Like tonight. Heading home..I've never felt so alone.
Yet, so free.
I feel good about being able to write this. But I also feel that these moments come with a price.
It wasn't much. I know that people reading this are expecting something to have actually happened. But all I really did was catch a cab home from work. The only thing, I don't call a cab to the restaurant I work at I usually walk down to the bar district close by and just hop into one of the ten cabs that permanently sit there and rotate from back to front.
The usual crowd was there. Drunk and munching on pizza. Some were dancing. Some arguing. It was the same old same old but some nights I'm amazed at how life can strike you as so oddly beautiful. Or ugly, I mean it's all kind of one thing really. It's this whole beautiful and ugly picture of what alcohol does to people. I stand in stark contrast. Stone cold sober and rather impatient waiting in line for some greasy pizza to take home with me.

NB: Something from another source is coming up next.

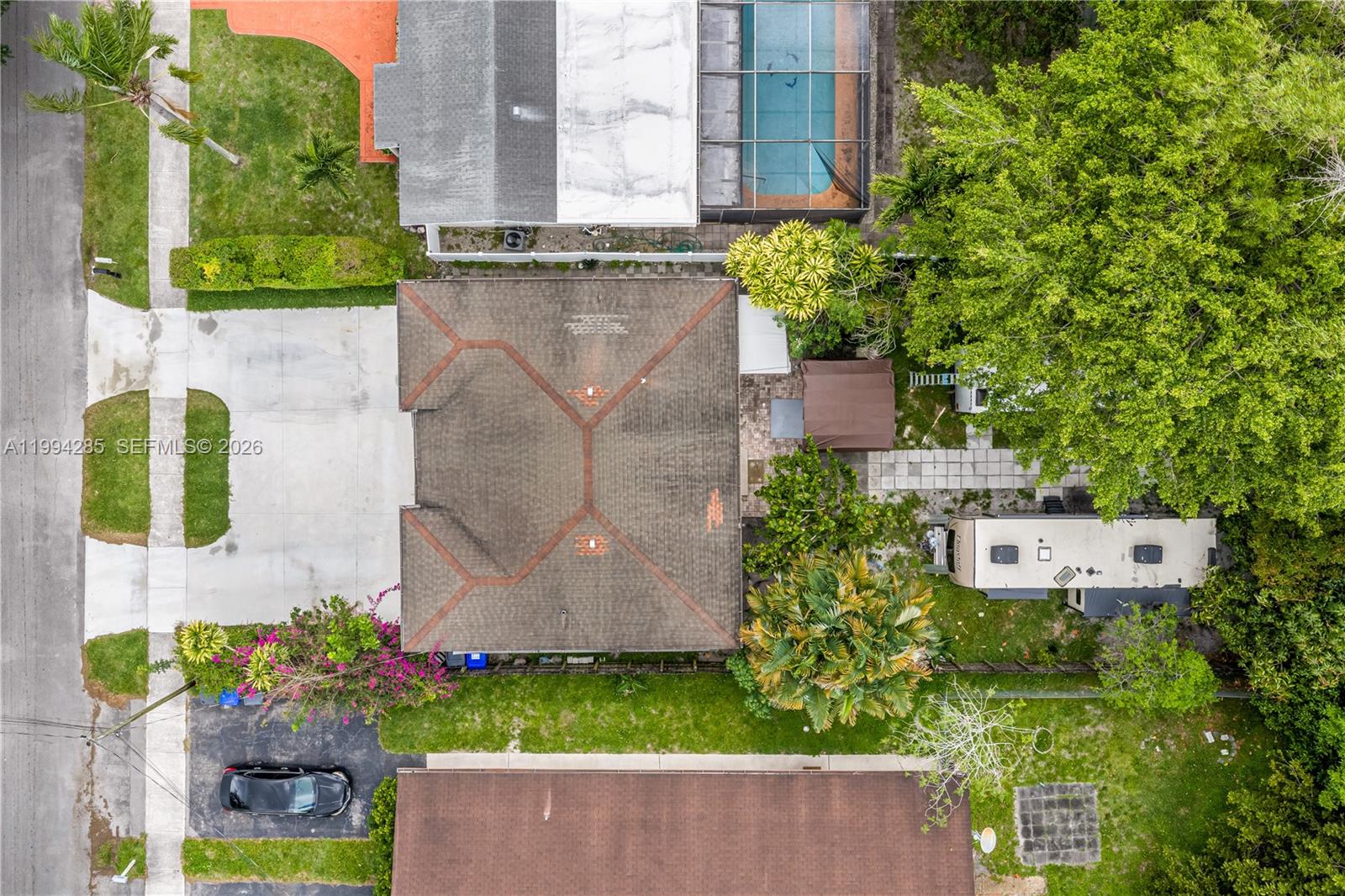 An aerial view shows a house with a brown roof, a driveway, and a backyard — 5635 Pierce St, Hollywood FL 33021, HOLLYWOOD, FL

I get in this cab and the first thing I notice is a greasy paper plate from the very same pizza place I was just at. I'm instantly uncomfortable. The walls around me seem to be closing in. I find immediate statisfaction in lowering my window completely and shoving my head outside. Cruising down portage on a cool evening after spending ten hours in a kitchen is quite nice. I check my phone and scan through the instagram photos and I'm again hit with this feeling that can be either good or bad. But I'm a rather isolated guy from the rest of the world. I don't know exactly when it all happened either. But I spend an extraordinary time by myself outside of work.
It's hard to really put into perspective for you guys. But looking through those photos gave me the feeling of peeking through the window of other lives. And I know the internet is this huge mirage of success and fun because people have the power to present themselves in a certain way on the internet and they use that power. I think we all do. From the snazzy profile pic to the updates of our world travels.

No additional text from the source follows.